The request receiving module 320 may receive a blog content search request. The search request may include a search term and a time segment range. The search term may include one or more keywords. The search term may be a combination, such as a Boolean expression, of the keywords. The time segment range may limit the blog posts that are to be searched for the search term. The time segment range may be set according to requirement of a user initiating the search request.


The request receiving module 320 may separate the search term into its constituent keywords. The system may search for inverted data blocks for the separate keywords and the results may then be merged as described throughout the present disclosure.
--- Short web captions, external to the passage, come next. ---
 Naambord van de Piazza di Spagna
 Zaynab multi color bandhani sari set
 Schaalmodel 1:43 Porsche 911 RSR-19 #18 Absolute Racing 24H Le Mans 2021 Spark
The data skipping module 330 may search for and identify one or more inverted data blocks corresponding to the search term in the search request. For example, the data skipping module 330 may identify the inverted data blocks from a database according to the search term in the search request.


The data skipping module 330 may examine the timestamp skip list in the respective headers of the one or more identified inverted data blocks. The data skipping module 330, based on the examination, may determine to skip performing a subsequent search based on an inverted data block. The data skipping module 330 may, instead, identify a second inverted data block that corresponds to the search term, and meets a condition to perform a subsequent search operation based on the timestamp skip list of the second inverted data block. In addition, the data skipping module 330 may identify more inverted data blocks corresponding to the search term to perform further search operation on.


The result returning module 340 may perform merging and filtering on the inverted data blocks identified by the data skipping module 330. The result returning module 340 may also return a search result.



FIG. 4 is a schematic structural diagram of an example blog content search system. The blog content search system may include a data generating module 410, the information adding module 310, the request receiving module 320, a request determining module 420, the data skipping module 330, a result filtering module 430, a result determining module 440, and the result returning module 340.


The data generating module 410 may generate an inverted data block according to a blog content based on publication or generation time of blog content. The data generating module 410 may generate the inverted data block according to a reverse chronological sequence of the publication time of the blog content. In addition, the data generation module 410 may rank the blog content according to the publication time of the blog content.


The information adding module 310 may add the timestamp skip list that indicates the blog content publication or generation time to the header of the inverted data block of blog content.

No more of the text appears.